The next day, Aziz takes me to the place where the Draa is meant to be. Nothing remains but ripples in the sand. Few families maintain a pastoral life in the desert today. But with the unique set of skills needed to survive as a nomad in the desert, Aziz believes that his generation could sadly be the last.
“So what does it mean to be a nomad who is no longer nomadic?” I ask.
“My parents and grandparents feel like they are in prison. They miss the desert. Even now, if I show my mother a photograph from the Sahara, she knows exactly where it was taken,” he says with a grin. “I take her back sometimes, to visit.”
“And despite giving up your way of life, are you still free?” I enquire.
“We try to stay independent. We don’t keep money in the banks, and most of us don’t vote. We don’t like to be controlled. I have an uncle that lives in France now. He married a French woman that visited as a tourist. But he is still free, even if he doesn’t live in the desert. Freedom is more about the way you think. To not worry too much about the future, to enjoy what you have today.”
That night, we sit in the stillness beneath a sky as black as molasses. The only noise is the gurgling of the shisha that we are sharing.
“If you could go back to living in the desert, would you?” I ask, breaking the silence.
“Yes,” he says, without hesitation. “Yes, I would.”
Aziz offers me the mouthpiece of the shisha. I breathe in the tobacco, letting the sweet smoke fill my lungs. The charcoals glow, as bright and hot as a desert sunset. I think back to Badr’s first question that had caught me off guard in the Atlas Mountains. “What makes you not free?”
I recalled what my fellow hikers had to say when I asked them the same question. Apparently, there was too much that stood in our way. The nine-to-five grind, debt, and the stresses of life in the city were all too confining.
Lasting reflections
My last days in Morocco are spent staying with a Berber family along the Hāhā coast. The village is certainly a far cry from life in the city. It’s a simple cluster of stone buildings. Goats and donkeys mosey around the yard, languid in the heat of the sun. The village overlooks the swelling ocean, and the tree-spangled cliffs that trace the shore.
I stroll along the beach with Mohammad. His three pet rescue goats potter along behind us, leaving a trail of hoof prints in the sand.
“We have nearly nothing” Mohammad says earnestly. “For example, I don’t have your passport. But if I choose to think only about that, I would cry. I would always be unhappy.”

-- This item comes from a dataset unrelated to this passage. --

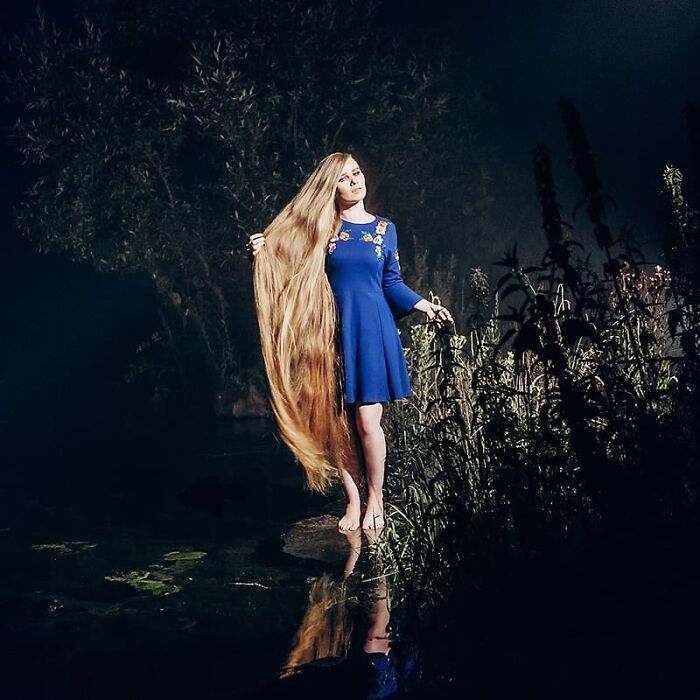 Rapunzel en la vida real: Esta mujer muestra lo que ocurre cuando no te cortas el pelo en 23 años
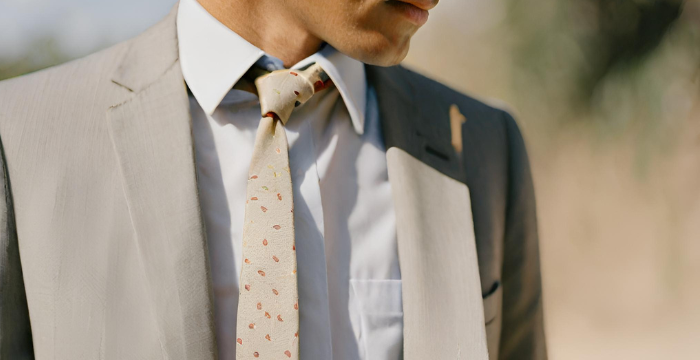 should i wear a skinny tie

Yet, Mohammad and his family show me Moroccan hospitality at its very best. They greet me like a long-lost family member, teach me how to cook traditional fish tajine, and take me to watch a breathtaking sunset over the coast.
It had become clear to me that freedom is not about what you do or don’t have. I finally had an answer for Badr’s question. There was only one thing standing between myself and freedom: me.